▸ **WHAT YOU HAVE TO DO**
Please return the listing below exactly, without any of its pictures.

▸ **PROVIDED MATERIAL**
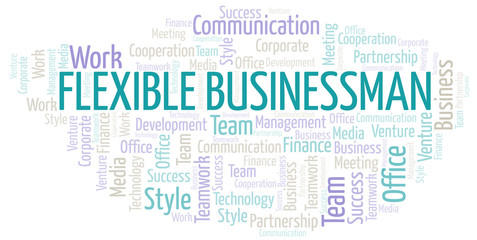 Fototapeta premium Flexible Businessman word cloud. Collage made with text only.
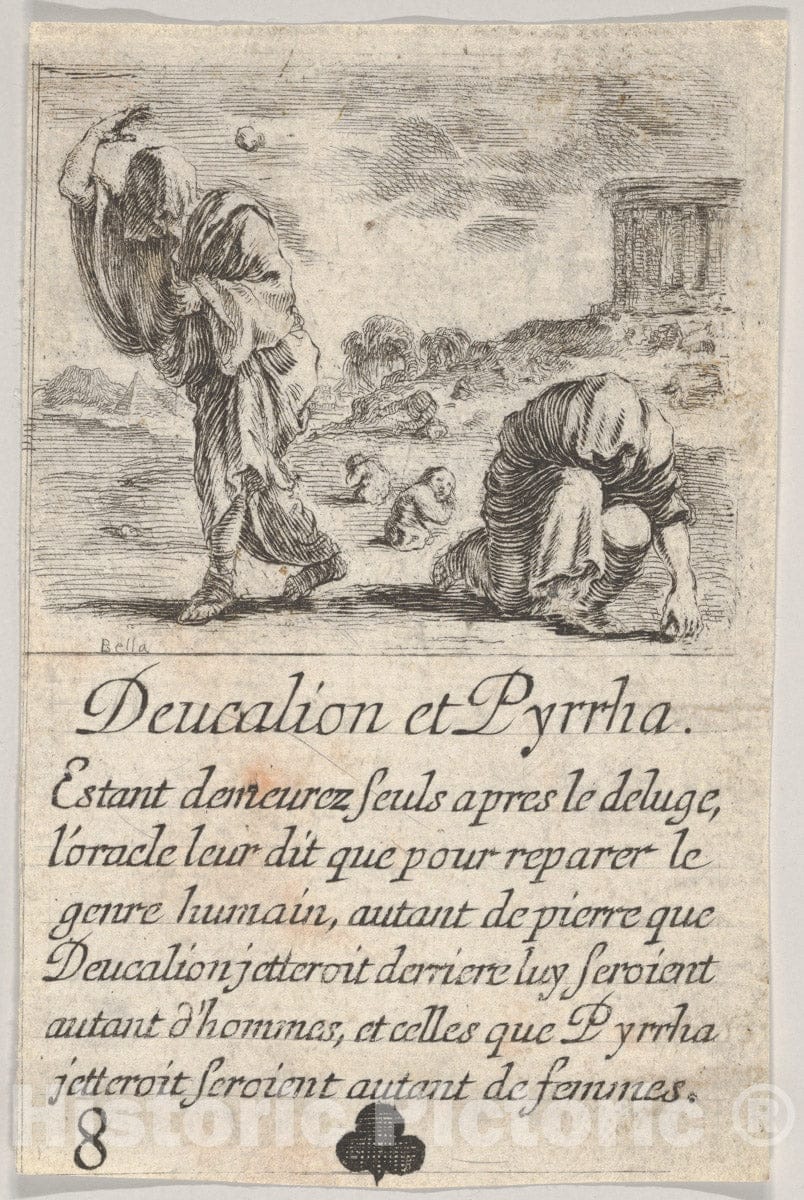 Art Print : Stefano Della Bella - Deucalion and Pyrrha, from 'Game of Mythology' (Jeu de la Mythologie) 2 : Vintage Wall Art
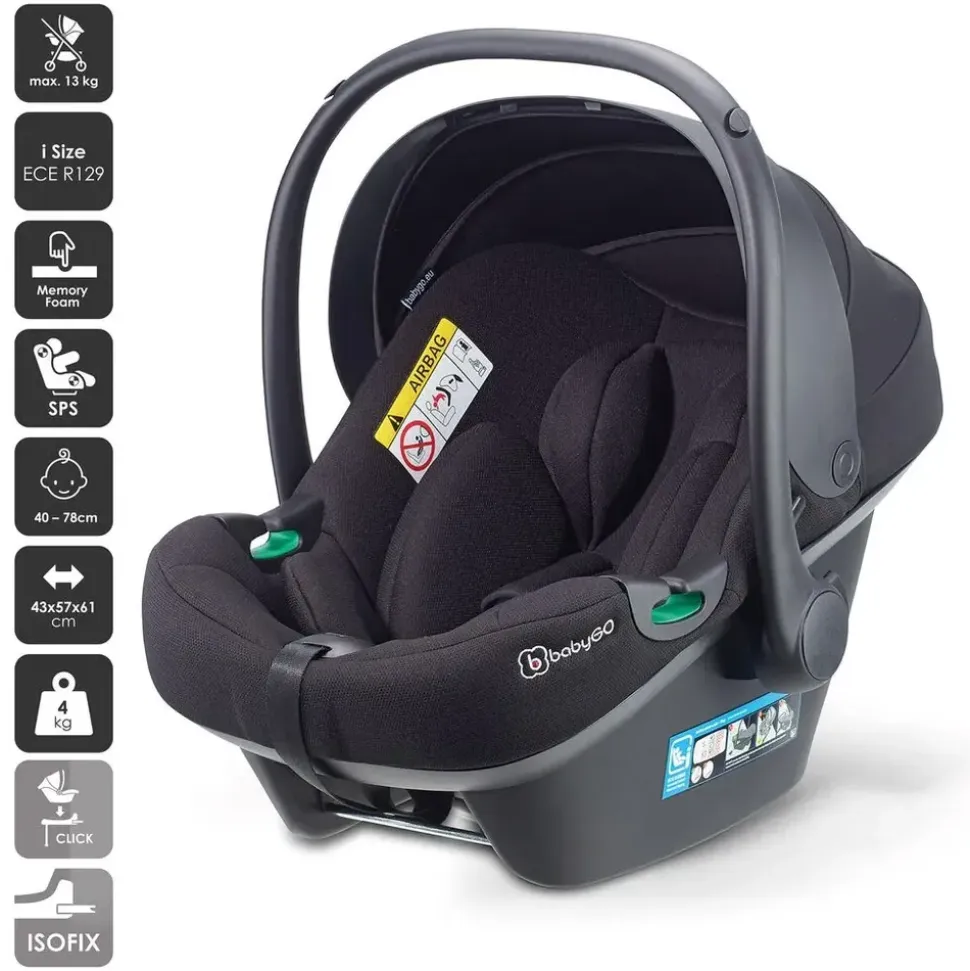 BabyGO 3 in 1 Kinderwagen black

▸ **PROBLEM SOLUTION**
 Fototapeta premium Flexible Businessman word cloud. Collage made with text only.
 Art Print : Stefano Della Bella - Deucalion and Pyrrha, from 'Game of Mythology' (Jeu de la Mythologie) 2 : Vintage Wall Art
 BabyGO 3 in 1 Kinderwagen black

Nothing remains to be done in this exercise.